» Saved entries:
+++

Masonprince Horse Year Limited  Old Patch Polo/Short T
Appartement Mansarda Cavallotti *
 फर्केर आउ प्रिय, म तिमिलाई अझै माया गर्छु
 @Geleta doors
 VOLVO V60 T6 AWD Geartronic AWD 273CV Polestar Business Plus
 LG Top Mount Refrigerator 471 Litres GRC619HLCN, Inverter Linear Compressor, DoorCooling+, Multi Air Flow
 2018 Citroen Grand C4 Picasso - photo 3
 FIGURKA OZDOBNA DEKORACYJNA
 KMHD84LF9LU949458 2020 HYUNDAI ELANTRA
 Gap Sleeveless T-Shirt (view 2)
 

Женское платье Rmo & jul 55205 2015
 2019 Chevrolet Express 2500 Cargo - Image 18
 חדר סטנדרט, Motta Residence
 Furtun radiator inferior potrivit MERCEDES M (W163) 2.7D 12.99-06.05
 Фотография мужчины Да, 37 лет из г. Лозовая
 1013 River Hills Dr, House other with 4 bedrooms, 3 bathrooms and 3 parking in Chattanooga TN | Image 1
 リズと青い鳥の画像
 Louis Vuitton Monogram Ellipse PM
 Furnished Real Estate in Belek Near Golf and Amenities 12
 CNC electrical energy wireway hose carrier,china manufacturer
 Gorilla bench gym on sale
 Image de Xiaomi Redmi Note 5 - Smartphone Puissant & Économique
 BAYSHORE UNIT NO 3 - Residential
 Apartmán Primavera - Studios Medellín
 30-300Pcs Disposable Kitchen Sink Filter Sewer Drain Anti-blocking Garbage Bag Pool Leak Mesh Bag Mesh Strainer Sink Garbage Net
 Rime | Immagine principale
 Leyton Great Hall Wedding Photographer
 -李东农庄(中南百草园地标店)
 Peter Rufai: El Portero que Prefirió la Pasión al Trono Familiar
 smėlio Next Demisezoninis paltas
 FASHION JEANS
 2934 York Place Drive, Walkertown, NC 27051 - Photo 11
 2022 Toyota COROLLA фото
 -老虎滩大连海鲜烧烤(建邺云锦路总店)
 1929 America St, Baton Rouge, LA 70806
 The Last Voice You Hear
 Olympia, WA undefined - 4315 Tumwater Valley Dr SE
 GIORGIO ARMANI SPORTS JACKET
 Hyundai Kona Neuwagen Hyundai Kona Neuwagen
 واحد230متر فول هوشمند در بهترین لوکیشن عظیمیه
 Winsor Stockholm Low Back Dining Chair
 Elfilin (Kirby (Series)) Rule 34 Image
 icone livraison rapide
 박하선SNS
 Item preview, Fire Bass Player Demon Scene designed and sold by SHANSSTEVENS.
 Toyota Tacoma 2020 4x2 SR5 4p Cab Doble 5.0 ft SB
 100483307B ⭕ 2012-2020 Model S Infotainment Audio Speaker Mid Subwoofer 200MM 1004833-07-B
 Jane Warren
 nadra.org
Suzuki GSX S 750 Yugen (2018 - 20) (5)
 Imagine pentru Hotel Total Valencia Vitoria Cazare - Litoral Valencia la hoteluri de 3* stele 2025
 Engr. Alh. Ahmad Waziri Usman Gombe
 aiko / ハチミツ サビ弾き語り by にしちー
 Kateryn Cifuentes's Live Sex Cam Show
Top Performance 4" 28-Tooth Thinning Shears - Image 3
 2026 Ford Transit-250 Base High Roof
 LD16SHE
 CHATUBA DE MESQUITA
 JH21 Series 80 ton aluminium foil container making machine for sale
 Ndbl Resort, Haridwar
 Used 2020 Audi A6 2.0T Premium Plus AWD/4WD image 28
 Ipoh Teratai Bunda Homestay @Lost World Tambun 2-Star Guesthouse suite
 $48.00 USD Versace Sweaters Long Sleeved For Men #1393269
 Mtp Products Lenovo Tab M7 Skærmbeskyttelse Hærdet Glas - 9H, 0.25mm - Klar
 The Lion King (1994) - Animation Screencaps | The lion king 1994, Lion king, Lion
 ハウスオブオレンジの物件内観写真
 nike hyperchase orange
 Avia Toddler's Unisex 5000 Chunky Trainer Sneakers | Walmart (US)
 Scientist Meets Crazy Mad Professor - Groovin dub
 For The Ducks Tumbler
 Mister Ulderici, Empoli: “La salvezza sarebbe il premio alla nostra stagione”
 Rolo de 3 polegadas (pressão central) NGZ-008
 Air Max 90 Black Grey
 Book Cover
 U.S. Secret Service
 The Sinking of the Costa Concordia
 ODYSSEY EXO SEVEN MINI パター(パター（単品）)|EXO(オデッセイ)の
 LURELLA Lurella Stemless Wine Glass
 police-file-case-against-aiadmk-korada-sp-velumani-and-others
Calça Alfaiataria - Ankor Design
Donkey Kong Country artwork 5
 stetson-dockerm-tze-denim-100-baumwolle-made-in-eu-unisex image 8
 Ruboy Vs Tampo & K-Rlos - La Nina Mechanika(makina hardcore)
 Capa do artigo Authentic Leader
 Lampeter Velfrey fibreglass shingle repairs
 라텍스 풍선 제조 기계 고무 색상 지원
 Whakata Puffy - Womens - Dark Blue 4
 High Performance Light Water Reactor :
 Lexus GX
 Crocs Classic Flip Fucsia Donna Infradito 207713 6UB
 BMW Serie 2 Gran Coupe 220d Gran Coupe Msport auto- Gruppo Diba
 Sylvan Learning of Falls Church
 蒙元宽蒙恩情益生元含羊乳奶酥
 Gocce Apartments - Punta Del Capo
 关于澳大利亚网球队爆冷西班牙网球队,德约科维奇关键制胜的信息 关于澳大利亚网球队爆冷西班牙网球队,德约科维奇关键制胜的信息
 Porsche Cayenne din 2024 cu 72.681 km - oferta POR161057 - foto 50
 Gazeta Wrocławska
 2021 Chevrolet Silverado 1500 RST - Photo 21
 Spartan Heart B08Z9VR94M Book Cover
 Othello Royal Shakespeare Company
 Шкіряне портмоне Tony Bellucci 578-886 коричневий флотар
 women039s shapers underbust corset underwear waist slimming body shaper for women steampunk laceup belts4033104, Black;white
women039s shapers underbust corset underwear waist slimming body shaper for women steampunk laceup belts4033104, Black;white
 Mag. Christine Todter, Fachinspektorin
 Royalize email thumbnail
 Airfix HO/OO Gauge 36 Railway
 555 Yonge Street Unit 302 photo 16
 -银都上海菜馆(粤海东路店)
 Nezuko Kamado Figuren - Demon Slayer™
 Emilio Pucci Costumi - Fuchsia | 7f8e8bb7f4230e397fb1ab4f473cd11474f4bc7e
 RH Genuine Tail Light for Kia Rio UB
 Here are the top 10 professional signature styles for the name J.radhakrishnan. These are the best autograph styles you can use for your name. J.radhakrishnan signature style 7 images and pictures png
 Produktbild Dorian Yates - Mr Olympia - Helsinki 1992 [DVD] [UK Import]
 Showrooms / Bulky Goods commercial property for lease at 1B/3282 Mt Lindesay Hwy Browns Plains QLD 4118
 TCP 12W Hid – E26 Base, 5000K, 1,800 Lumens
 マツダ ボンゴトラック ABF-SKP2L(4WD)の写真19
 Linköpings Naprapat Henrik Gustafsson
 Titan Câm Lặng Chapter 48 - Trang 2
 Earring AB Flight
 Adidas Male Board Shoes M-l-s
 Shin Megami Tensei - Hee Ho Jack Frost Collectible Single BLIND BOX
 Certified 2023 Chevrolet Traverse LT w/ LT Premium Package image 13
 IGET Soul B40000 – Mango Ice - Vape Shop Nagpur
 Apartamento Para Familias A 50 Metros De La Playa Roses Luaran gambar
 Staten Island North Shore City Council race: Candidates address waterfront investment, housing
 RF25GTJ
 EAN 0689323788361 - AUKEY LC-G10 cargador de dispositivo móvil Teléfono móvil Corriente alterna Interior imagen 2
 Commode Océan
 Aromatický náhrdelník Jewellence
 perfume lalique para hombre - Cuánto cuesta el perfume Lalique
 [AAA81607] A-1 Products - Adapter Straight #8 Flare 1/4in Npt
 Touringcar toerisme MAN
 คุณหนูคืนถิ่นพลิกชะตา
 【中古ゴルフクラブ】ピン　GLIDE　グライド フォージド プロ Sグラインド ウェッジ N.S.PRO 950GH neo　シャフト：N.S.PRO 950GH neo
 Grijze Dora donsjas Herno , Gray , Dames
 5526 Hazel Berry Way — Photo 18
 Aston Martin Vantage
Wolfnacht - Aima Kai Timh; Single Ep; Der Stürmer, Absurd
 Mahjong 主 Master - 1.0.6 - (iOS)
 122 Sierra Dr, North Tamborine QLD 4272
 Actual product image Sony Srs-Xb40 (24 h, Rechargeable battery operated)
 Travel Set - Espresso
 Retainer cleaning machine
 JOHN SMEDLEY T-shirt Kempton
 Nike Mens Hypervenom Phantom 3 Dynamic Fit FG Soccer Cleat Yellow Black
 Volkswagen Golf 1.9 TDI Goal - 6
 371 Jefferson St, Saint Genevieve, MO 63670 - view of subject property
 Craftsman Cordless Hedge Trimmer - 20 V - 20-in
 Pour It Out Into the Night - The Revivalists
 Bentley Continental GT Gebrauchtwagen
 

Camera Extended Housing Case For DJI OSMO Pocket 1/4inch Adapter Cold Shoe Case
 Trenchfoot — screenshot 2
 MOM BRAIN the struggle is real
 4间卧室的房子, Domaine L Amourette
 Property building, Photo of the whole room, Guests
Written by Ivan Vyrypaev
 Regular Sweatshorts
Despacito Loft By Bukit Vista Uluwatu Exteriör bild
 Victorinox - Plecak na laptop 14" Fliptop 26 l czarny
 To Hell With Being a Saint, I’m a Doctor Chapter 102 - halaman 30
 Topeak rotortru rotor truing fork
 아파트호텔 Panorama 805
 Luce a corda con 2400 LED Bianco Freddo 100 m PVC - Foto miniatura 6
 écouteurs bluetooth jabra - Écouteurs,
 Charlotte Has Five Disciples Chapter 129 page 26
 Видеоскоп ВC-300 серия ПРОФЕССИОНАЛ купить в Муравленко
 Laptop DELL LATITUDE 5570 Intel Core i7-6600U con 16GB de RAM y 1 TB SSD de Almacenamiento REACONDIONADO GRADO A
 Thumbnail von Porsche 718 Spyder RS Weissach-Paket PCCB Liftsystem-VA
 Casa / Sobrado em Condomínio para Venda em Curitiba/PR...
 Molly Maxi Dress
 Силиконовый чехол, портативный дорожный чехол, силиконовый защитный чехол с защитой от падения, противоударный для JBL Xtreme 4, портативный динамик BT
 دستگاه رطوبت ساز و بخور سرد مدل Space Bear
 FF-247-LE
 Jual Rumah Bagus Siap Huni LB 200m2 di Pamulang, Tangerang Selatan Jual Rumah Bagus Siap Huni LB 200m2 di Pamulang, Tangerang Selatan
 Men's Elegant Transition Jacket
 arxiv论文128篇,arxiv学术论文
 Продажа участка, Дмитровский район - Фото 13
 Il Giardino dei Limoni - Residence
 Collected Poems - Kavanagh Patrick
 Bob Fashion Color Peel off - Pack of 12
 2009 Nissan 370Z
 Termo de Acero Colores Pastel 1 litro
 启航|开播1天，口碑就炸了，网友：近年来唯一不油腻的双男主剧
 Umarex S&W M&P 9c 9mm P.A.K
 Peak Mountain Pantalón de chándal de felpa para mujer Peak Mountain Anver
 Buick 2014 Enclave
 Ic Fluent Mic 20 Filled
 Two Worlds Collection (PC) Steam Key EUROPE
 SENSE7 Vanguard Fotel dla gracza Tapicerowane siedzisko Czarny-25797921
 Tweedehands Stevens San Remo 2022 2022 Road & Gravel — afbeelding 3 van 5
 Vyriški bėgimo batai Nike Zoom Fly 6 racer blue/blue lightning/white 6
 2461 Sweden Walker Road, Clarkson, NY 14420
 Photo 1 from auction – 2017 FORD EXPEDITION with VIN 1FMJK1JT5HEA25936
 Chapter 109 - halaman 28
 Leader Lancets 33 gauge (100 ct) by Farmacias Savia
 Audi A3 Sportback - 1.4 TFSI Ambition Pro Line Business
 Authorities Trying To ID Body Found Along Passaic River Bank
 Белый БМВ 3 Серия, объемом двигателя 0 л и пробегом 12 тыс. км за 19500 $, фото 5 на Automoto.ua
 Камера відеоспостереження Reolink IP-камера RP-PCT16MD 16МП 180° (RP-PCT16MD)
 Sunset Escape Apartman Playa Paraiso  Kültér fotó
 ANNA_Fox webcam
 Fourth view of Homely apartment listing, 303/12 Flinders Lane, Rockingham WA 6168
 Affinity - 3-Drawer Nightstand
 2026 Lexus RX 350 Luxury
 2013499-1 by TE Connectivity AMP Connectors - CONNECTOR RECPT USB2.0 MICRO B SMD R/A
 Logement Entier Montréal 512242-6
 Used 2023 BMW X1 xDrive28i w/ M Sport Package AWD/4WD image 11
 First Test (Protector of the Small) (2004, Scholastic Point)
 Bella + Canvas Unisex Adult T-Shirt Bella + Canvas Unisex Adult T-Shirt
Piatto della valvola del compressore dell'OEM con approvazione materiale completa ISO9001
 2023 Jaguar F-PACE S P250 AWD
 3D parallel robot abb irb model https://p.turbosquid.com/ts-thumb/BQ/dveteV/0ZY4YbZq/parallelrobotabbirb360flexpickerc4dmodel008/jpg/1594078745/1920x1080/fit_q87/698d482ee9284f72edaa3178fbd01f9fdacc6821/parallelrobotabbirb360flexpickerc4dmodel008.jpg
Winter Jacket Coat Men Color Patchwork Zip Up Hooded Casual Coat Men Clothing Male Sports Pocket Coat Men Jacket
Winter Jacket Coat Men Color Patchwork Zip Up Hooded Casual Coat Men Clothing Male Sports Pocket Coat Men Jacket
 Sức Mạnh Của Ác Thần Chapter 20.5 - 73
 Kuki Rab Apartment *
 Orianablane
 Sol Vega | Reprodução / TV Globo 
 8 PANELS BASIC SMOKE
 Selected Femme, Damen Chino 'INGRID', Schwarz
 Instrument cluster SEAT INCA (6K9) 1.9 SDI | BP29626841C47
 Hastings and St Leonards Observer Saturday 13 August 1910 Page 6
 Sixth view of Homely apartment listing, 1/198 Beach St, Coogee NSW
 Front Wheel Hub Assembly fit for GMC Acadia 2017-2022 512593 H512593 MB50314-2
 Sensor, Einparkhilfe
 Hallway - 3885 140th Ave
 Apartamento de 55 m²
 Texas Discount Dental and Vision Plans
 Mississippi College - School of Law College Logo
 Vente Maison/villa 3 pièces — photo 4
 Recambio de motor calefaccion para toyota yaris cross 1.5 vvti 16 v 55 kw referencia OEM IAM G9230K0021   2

+++

» WORK INSTRUCTIONS: Filter the entries and copy each line with "Premium".

» WRITTEN RESPONSE:
 Used 2020 Audi A6 2.0T Premium Plus AWD/4WD image 28
 Certified 2023 Chevrolet Traverse LT w/ LT Premium Package image 13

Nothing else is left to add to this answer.